## Data for processing
'''

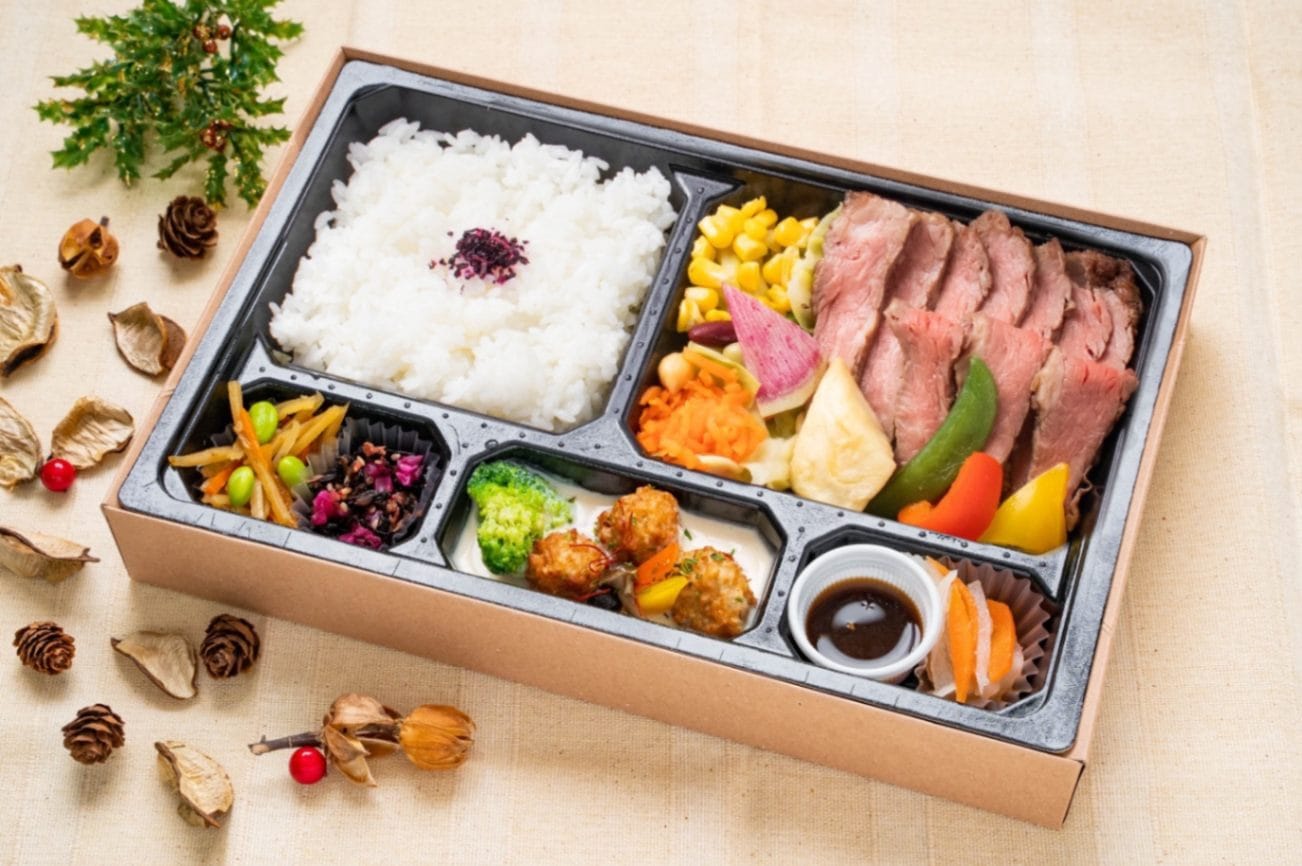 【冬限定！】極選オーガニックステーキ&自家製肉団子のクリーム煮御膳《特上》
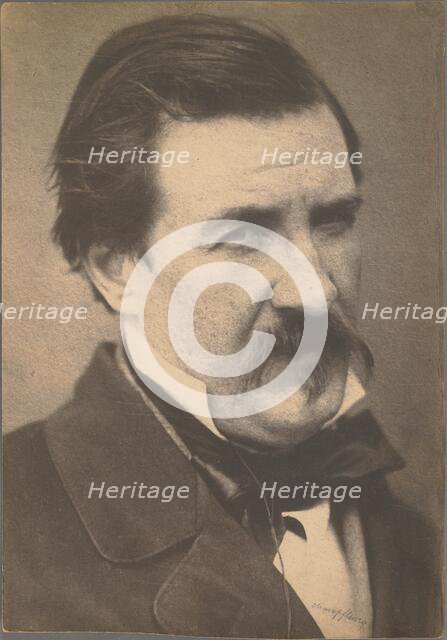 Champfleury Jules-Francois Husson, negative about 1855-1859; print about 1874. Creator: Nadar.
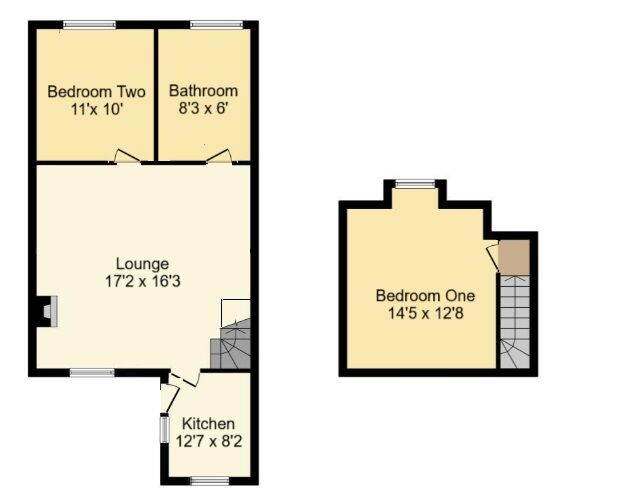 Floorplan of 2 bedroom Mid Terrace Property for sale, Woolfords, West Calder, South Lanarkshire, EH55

'''
'''

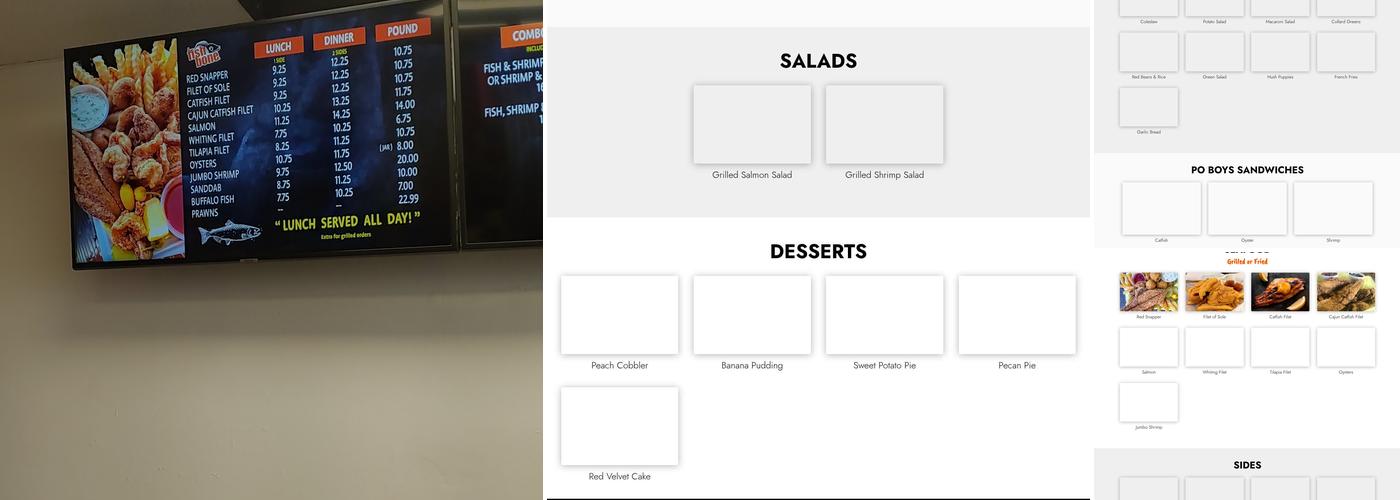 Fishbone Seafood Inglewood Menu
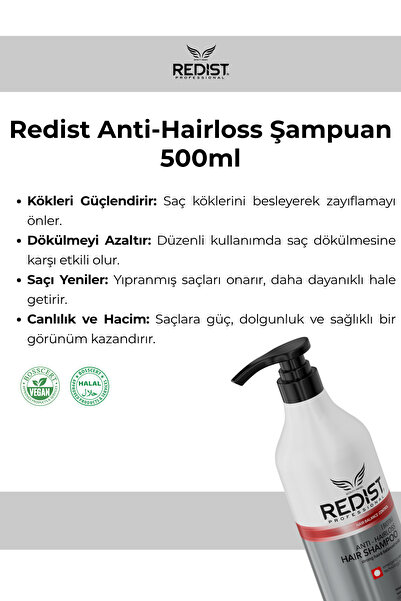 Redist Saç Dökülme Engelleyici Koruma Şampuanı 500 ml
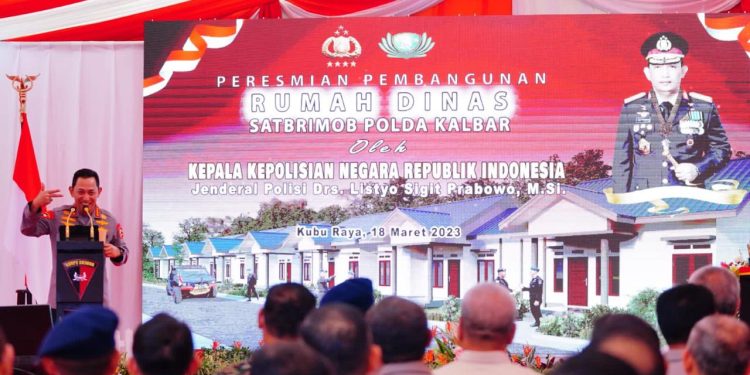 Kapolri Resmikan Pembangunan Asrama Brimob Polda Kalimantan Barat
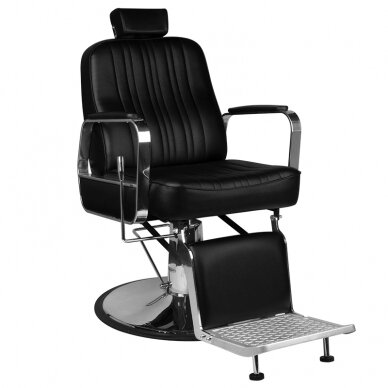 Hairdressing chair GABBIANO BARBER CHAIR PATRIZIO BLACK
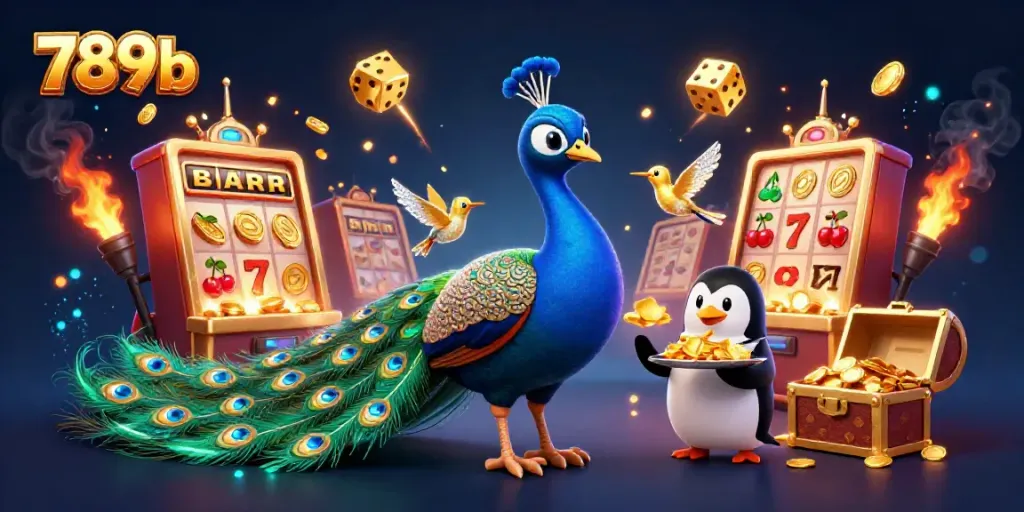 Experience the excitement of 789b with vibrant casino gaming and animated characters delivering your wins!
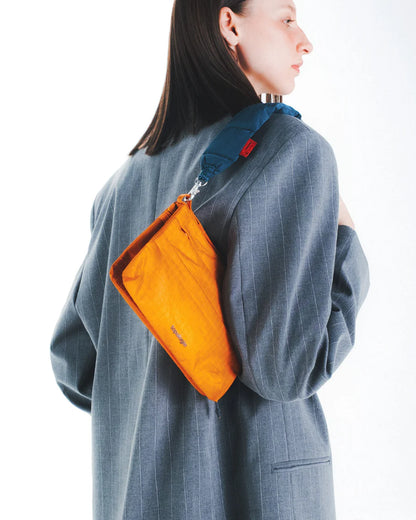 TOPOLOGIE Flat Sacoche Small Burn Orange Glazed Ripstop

'''

## Try it
Would you please repeat only the lines above, beginning at the one that has "Fishbone Seafood Inglewood Menu" and stopping after the one that has "TOPOLOGIE Flat Sacoche", exactly and with no pictures?

## Worked solution
 Fishbone Seafood Inglewood Menu
 Redist Saç Dökülme Engelleyici Koruma Şampuanı 500 ml
 Kapolri Resmikan Pembangunan Asrama Brimob Polda Kalimantan Barat
 Hairdressing chair GABBIANO BARBER CHAIR PATRIZIO BLACK
 Experience the excitement of 789b with vibrant casino gaming and animated characters delivering your wins!
 TOPOLOGIE Flat Sacoche Small Burn Orange Glazed Ripstop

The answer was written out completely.